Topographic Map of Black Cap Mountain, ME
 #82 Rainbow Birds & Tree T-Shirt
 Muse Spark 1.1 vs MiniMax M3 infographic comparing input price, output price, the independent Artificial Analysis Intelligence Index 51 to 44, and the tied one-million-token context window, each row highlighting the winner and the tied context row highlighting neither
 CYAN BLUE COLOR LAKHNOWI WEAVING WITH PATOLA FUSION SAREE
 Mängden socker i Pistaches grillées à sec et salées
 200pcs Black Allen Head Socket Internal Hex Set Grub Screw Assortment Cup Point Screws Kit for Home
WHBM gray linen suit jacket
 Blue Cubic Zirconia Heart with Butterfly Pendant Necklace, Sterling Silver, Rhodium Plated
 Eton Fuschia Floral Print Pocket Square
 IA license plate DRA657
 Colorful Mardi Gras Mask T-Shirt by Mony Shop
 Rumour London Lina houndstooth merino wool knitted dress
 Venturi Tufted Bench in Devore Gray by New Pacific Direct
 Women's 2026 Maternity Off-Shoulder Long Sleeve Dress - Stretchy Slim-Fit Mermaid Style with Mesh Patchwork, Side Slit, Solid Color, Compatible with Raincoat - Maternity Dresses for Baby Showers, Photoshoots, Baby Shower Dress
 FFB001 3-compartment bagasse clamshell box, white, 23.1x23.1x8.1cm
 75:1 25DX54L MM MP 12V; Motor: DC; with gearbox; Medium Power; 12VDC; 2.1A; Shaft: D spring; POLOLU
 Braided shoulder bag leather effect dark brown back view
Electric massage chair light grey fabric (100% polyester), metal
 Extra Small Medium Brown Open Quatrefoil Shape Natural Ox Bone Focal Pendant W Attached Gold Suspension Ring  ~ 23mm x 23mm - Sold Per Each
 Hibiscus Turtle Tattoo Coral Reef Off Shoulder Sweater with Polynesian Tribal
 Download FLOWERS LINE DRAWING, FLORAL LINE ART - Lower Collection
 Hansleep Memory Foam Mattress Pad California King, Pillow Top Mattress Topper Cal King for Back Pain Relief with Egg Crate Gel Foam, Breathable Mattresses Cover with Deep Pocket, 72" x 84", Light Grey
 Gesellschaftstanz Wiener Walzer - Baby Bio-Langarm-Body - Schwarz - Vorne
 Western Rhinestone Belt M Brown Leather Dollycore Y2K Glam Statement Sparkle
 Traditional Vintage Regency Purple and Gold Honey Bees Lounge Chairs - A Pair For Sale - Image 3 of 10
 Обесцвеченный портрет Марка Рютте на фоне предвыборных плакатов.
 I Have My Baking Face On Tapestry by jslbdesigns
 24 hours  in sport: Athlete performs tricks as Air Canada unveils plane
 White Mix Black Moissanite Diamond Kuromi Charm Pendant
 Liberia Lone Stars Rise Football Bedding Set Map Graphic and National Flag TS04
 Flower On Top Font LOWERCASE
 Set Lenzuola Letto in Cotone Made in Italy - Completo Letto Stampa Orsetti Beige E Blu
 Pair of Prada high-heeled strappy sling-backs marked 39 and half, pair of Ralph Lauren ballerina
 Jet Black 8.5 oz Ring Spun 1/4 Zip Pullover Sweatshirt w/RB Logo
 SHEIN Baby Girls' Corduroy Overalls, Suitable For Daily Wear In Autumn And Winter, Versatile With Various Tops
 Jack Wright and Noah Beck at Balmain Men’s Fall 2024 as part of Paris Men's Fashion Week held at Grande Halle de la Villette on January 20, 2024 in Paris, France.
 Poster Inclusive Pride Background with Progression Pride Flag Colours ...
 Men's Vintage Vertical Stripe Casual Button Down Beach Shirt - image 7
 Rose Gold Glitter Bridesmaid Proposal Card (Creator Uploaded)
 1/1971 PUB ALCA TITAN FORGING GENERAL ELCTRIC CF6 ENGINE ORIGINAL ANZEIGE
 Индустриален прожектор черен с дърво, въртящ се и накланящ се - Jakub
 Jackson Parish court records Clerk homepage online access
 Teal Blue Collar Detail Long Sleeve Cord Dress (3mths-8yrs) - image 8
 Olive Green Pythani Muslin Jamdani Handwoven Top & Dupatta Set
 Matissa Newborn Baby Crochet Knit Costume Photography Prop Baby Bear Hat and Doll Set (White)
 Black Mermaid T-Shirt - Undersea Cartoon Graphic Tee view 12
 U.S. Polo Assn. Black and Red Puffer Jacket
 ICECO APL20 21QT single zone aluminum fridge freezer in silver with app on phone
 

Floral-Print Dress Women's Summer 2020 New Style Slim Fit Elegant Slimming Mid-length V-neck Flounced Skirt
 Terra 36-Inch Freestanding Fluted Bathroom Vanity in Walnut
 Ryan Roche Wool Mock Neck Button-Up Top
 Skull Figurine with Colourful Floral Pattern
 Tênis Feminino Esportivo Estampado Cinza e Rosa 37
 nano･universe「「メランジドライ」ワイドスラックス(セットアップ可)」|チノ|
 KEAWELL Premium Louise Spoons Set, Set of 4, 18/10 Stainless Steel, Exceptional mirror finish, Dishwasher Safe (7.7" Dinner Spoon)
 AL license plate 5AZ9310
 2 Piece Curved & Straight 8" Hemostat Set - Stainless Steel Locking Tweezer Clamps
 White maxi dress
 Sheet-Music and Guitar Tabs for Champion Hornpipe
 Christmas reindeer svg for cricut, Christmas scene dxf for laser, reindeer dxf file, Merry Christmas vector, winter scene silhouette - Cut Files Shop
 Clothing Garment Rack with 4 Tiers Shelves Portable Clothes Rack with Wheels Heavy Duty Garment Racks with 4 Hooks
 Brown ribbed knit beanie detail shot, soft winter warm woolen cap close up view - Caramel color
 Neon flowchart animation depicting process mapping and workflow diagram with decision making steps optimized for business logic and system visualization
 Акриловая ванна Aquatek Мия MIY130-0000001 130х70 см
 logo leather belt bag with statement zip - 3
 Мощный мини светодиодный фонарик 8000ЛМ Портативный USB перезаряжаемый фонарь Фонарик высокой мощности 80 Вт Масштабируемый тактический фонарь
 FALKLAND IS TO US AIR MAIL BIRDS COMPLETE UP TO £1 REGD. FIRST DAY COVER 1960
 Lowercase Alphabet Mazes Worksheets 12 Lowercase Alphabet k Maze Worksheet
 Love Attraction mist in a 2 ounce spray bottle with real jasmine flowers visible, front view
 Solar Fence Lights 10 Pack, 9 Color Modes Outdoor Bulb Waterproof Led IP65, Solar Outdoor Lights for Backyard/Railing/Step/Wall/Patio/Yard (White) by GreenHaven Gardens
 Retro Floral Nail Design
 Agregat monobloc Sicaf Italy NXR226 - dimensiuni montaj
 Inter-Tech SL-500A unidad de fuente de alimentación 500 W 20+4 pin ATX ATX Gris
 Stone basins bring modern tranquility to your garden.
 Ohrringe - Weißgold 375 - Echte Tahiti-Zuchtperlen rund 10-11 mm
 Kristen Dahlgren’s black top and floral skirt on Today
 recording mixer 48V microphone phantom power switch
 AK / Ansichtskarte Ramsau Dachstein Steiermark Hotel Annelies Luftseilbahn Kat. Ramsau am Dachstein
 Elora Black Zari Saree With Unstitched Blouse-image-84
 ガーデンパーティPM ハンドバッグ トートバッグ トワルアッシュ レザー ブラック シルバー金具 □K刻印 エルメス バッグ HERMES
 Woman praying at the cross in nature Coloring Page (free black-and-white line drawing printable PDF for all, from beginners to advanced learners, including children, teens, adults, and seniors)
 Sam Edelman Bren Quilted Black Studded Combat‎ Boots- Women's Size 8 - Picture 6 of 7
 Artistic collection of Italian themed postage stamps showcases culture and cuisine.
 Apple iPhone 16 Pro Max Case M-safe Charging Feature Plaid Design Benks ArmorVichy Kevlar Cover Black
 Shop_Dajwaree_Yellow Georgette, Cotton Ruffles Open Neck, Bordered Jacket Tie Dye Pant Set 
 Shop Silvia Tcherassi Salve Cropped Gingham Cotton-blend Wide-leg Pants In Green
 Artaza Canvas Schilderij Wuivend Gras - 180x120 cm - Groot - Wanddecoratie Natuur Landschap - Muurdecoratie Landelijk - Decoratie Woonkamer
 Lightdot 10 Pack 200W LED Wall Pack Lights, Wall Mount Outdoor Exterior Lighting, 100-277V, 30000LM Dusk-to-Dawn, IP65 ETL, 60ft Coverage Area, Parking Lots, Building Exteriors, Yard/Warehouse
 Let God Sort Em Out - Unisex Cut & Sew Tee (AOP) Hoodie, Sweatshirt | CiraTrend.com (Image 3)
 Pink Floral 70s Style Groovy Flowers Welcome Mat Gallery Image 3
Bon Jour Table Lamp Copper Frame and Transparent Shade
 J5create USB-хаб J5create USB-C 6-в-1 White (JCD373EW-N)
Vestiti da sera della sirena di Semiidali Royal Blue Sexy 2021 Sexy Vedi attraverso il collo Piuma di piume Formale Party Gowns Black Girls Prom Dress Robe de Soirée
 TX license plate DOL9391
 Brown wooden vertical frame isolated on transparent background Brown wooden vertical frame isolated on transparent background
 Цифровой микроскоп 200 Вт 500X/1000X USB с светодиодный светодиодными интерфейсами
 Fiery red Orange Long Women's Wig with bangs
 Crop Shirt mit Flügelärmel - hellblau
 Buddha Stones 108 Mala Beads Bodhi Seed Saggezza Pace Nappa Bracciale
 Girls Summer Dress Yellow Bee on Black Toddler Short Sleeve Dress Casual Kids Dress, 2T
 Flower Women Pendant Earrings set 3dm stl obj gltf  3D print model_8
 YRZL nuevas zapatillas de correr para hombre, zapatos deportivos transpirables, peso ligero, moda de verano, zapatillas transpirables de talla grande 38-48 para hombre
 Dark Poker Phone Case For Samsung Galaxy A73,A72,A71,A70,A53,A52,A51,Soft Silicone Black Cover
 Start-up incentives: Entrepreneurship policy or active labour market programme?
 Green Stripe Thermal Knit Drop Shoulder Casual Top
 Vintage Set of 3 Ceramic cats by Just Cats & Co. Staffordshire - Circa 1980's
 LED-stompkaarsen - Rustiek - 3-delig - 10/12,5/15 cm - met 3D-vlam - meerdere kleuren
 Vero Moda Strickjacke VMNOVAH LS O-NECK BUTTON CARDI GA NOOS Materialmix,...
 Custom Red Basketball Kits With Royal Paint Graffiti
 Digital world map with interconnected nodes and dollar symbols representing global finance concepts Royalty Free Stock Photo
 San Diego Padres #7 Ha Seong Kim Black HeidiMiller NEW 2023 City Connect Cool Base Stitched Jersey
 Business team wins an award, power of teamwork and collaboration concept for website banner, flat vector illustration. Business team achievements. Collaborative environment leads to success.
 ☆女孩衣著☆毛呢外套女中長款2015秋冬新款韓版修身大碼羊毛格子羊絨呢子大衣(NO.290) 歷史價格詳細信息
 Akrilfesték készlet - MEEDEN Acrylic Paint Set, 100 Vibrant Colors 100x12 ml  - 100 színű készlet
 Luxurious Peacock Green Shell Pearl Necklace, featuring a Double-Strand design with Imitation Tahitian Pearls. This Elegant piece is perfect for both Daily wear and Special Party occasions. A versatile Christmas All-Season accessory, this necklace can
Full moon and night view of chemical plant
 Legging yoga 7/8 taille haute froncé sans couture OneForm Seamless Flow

__________

> [Work to complete] All that belongs in your answer is the stretch of entries above from the line with "Dark Poker Phone" through the line with "Digital world map", printed exactly.

> [Result for this task]
 Dark Poker Phone Case For Samsung Galaxy A73,A72,A71,A70,A53,A52,A51,Soft Silicone Black Cover
 Start-up incentives: Entrepreneurship policy or active labour market programme?
 Green Stripe Thermal Knit Drop Shoulder Casual Top
 Vintage Set of 3 Ceramic cats by Just Cats & Co. Staffordshire - Circa 1980's
 LED-stompkaarsen - Rustiek - 3-delig - 10/12,5/15 cm - met 3D-vlam - meerdere kleuren
 Vero Moda Strickjacke VMNOVAH LS O-NECK BUTTON CARDI GA NOOS Materialmix,...
 Custom Red Basketball Kits With Royal Paint Graffiti
 Digital world map with interconnected nodes and dollar symbols representing global finance concepts Royalty Free Stock Photo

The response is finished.